# Huh, how time flies.  TUG 10 year anniversary



## CO skier (Sep 17, 2022)

Just got a notification about my 10-year TUG anniversary.  Seems like only yesterday with my lonesome first posts about the Club Wyndham cancel-rebook scam. 









						[2012] Just lost my reservation when I tried to cancel & rebook
					

I just wanted to let everyone know that I just lost my Bonnett Creek Christmas reservation when I tried to cancel and rebook for the discounted points. This is the first time that I've gotten burned using the cancel and rebook trick. I am really bummed, but at least we have a back up plan. I...




					tugbbs.com
				




Look where we are 10 years later.  A waitlist appears on its way to Club Wyndham.  Progress.


----------



## DaveNV (Sep 18, 2022)

Time flies, eh?
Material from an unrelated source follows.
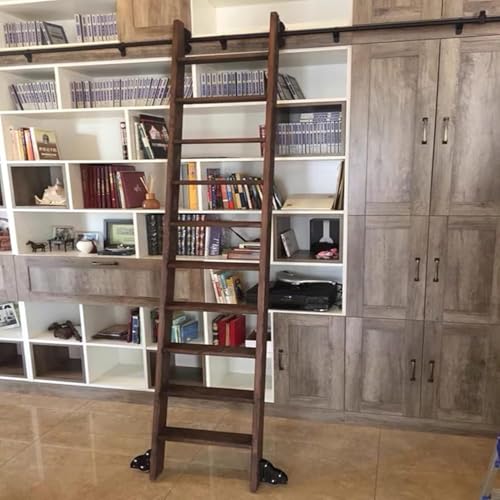 ININOSNP Edelstahlschienen Bibliothek Schiebeleiter Hardware Kit Rundrohr Mobile Track Kit for Bücherregal Home Office ININOSNP Edelstahlschienen Bibliothek Schiebeleiter Hardware Kit Rundrohr Mobile Track Kit for Bücherregal Home Office von ININOSNP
I think I've been here more than 15 years now.  Seems like a lifetime.  LOL! 

Dave


----------



## pedro47 (Sep 18, 2022)

CO skier said:


> Just got a notification about my 10-year TUG anniversary.  Seems like only yesterday with my lonesome first posts about the Club Wyndham cancel-rebook scam.
> 
> 
> 
> ...


Congratulations on your tenth year membership on the TUG website.
So much have changed over the last ten (10) years.


----------